This week the WWF is launching a campaign, Draw the Line, against the exploitation of the park, which was established in 1925 and designated a World Heritage Site by Unesco in 1979.

Soco International, whose headquarters are in London, has defended its aerial survey, saying it was being governed and monitored under the terms of the Environmental Acceptability Certificate issued by the DRC’s ministry of the environment, nature conservation and tourism.

But earlier this year the Unesco world heritage committee called for the cancellation of all such Virunga oil permits and appealed to two concession holders, Total and Soco International, not to undertake exploration in world heritage sites. Total has since agreed to respect Virunga park’s current boundaries, leaving Soco as the only oil and gas company planning to explore inside the park’s 7,800 sq km. It claims its area of interest is not near the gorillas’ habitat.

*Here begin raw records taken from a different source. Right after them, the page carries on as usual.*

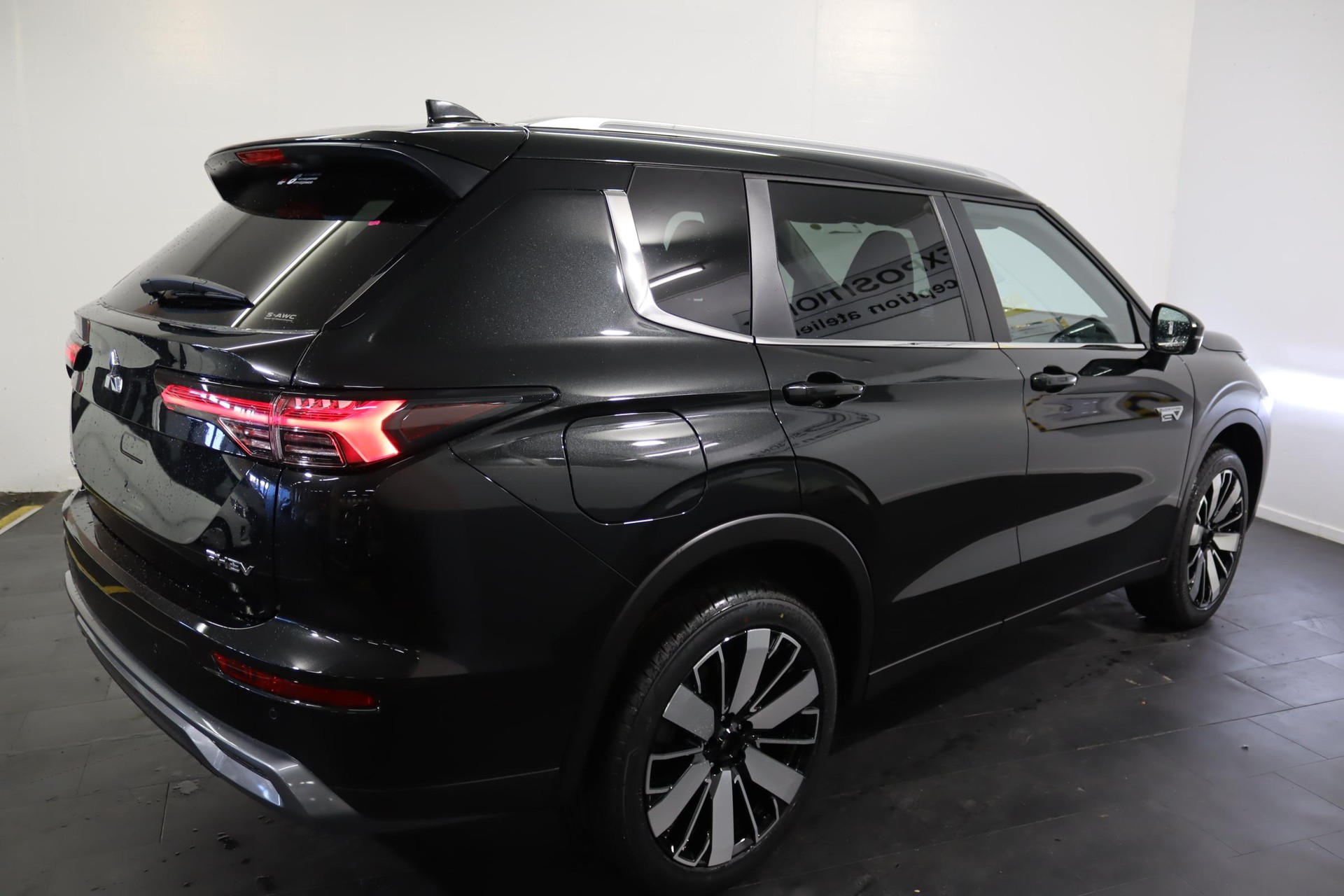 MITSUBISHI Outlander 2.4 PHEV Intense 4x4, Leasing dès 0.8 %-showroom-element-1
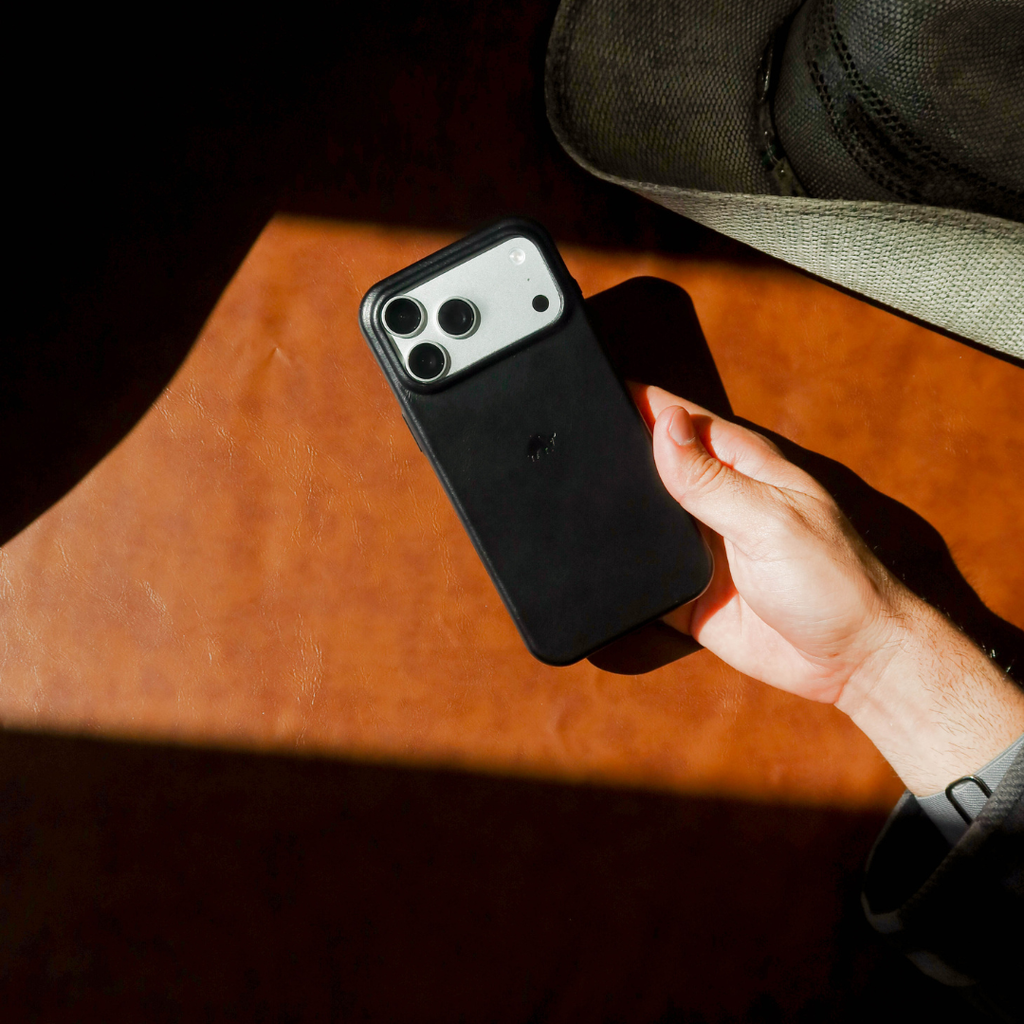 The Contemporary Plateau Case - BLACK
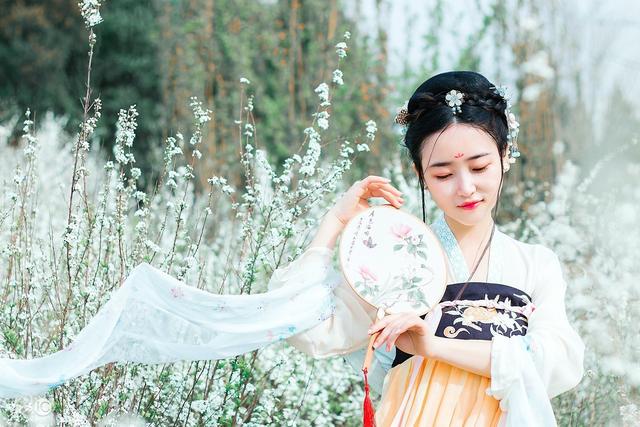 小说男主被高跟鞋砸到,男朋友被怪物缠身的小说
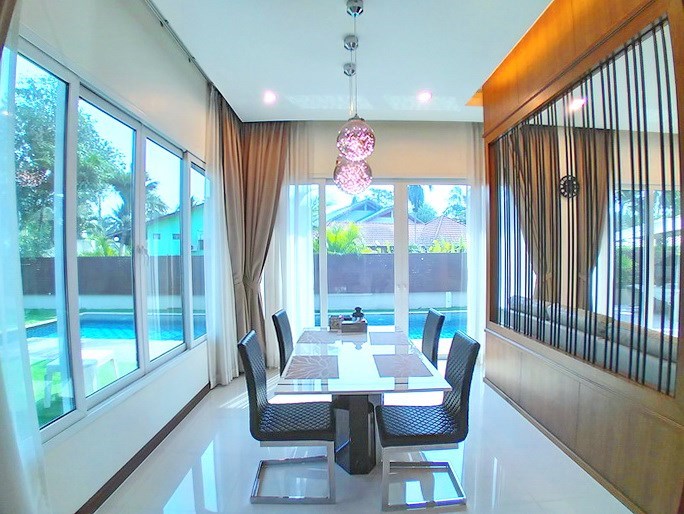 House for rent Huay Yai Pattaya showing the dining area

Rangers and wildlife experts disagree.

Virunga is already in a fragile state, thanks to poachers. In addition, it sits close to the DRC’s borders with Uganda and Rwanda and has been affected by influxes of refugees and militias during both the Congo civil war and the Rwandan genocide, as well as ongoing skirmishes with rebel groups. It is home to 200 of the endangered mountain gorillas, a quarter of the world population. Although recent years have been a success story for the park, thanks to the efforts of conservationists and local rangers and the number of mountain gorillas has more than doubled in the past decade, many park staff have been killed by poachers and militias. Virunga is temporarily closed to visitors because of the violence.

Last year the UK government expressed its opposition to drilling inside the park. A Foreign Office spokesman said: “The UK opposes oil exploration within Virunga national park, a world heritage site listed by Unesco as being ‘in danger’. We urge any company involved, and the government of DR Congo, to respect the international conventions to which it is a signatory.”

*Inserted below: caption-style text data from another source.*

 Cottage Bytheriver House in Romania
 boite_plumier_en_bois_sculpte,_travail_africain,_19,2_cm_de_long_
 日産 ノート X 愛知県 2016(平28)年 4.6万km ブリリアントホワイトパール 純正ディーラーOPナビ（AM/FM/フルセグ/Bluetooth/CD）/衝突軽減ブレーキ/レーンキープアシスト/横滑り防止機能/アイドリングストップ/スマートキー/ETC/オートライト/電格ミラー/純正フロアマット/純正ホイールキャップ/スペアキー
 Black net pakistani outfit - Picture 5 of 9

Drew McVey is the regional manager for East Africa at WWF in the UK and has just returned from the region. He said: “Virunga has been a fantastic success in the past few years. We’ve seen the population of gorillas jump and tourists are starting to come to see them. In terms of the local people, they understand the importance of the mountain gorillas to their future prosperity, and we have even had reports of rebel groups in the park no longer poaching, but making money pretending to be authorised tour operators. Ironically that is a sign of how important these big mammals are.

“Virunga has the most biodiversity in all of Africa … it is heavily populated around the park, so there’s a massive demand on the park and its resources. The conflict that has gone on in the area adds another dimension of fragility.

“But now to have this terrible threat hanging over it of oil exploration is just so disturbing.”